What the task asks: Leave out every picture and set down, exactly, the lines below from the one holding "A conceptual image" up to and including the one holding "Karat Kunstfell Nelly".

Task data:
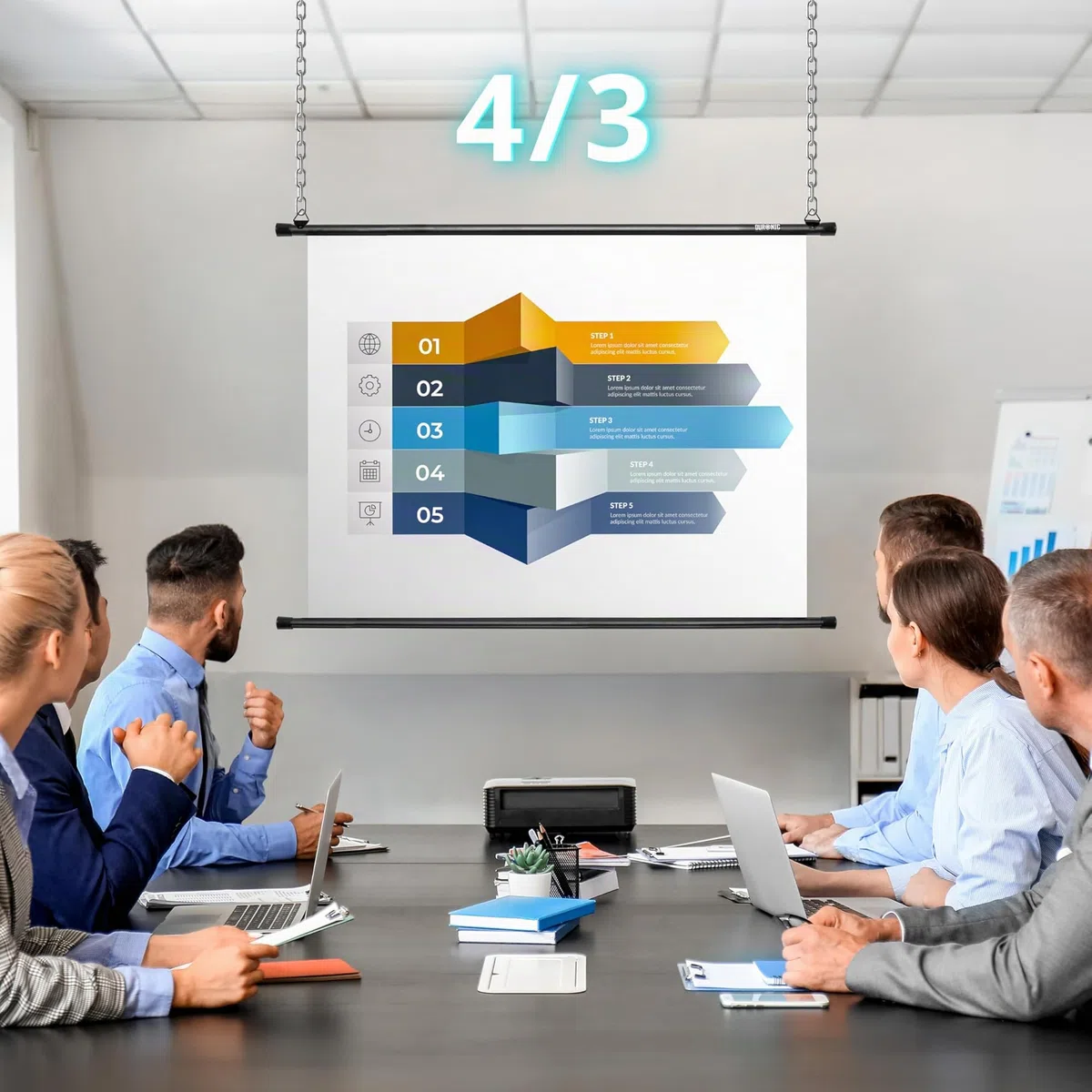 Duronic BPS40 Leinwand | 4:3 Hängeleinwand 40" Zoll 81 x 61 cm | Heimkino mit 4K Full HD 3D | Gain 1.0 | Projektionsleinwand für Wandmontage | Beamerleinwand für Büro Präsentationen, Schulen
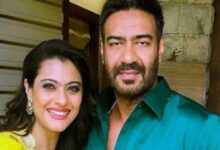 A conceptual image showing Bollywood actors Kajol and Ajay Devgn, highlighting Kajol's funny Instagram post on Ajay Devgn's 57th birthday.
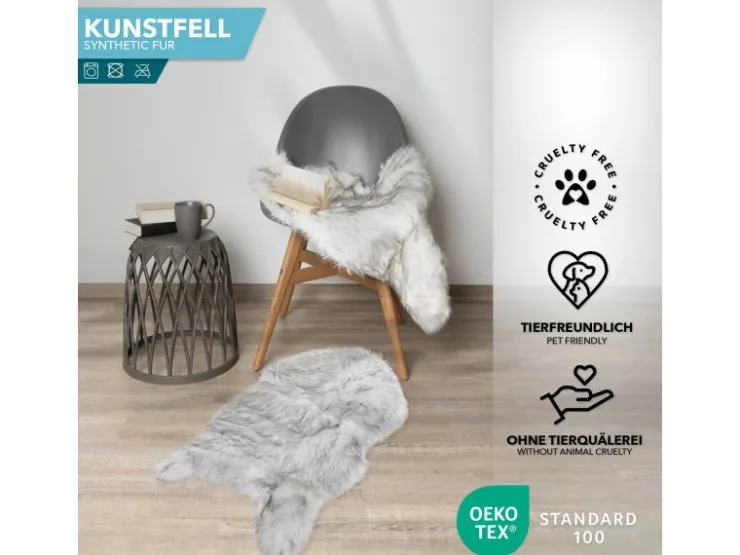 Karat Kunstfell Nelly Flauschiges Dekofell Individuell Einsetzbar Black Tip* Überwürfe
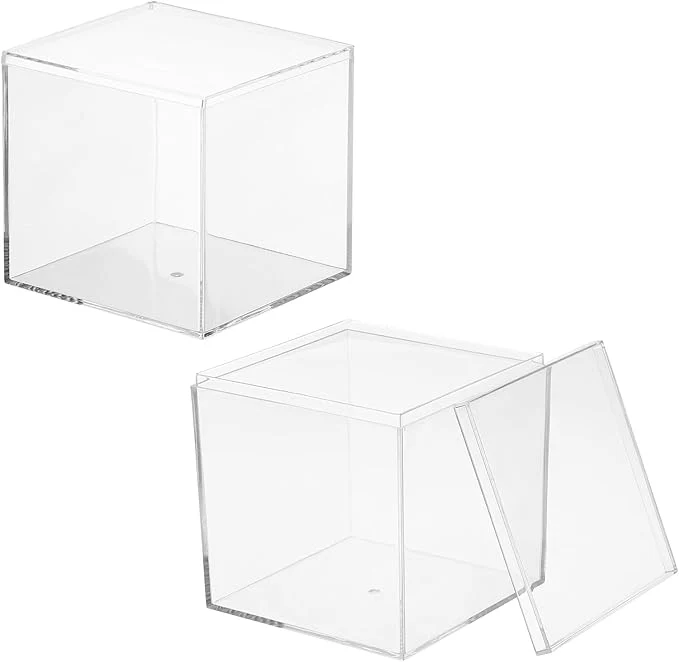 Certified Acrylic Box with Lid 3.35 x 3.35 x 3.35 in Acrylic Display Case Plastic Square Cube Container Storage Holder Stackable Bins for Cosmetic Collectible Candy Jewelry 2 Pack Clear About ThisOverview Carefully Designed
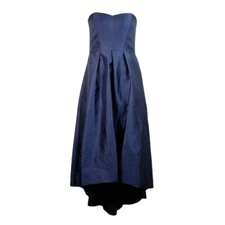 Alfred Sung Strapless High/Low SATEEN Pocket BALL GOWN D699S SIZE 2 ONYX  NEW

Answer to this problem:
 A conceptual image showing Bollywood actors Kajol and Ajay Devgn, highlighting Kajol's funny Instagram post on Ajay Devgn's 57th birthday.
 Karat Kunstfell Nelly Flauschiges Dekofell Individuell Einsetzbar Black Tip* Überwürfe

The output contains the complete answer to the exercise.